=== DATA BLOCK ===
○ ○ ○ ○
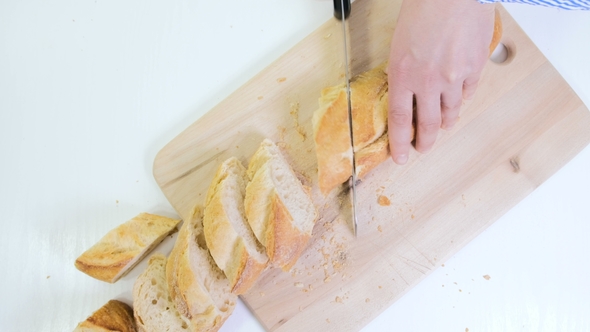Woman Hands Cutting Bread In Kitchen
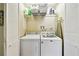 Functional laundry room featuring a washer, dryer, shelving for supplies, and space-saving bi-fold doors at 616 2Nd St, Indian Rocks Beach, FL 33785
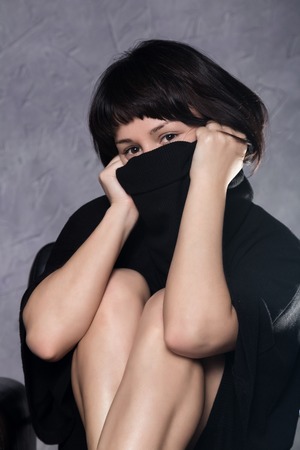 beautiful fashionable lady wearing a gothic black dress with high collar, poses in white smoke on a grey background.の写真素材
○ ○ ○ ○
=== PROMPT ===
None of the pictures should appear; copy the rest of the material above exactly.

=== RESPONSE TO THIS TASK ===
Woman Hands Cutting Bread In Kitchen
 Functional laundry room featuring a washer, dryer, shelving for supplies, and space-saving bi-fold doors at 616 2Nd St, Indian Rocks Beach, FL 33785
 beautiful fashionable lady wearing a gothic black dress with high collar, poses in white smoke on a grey background.の写真素材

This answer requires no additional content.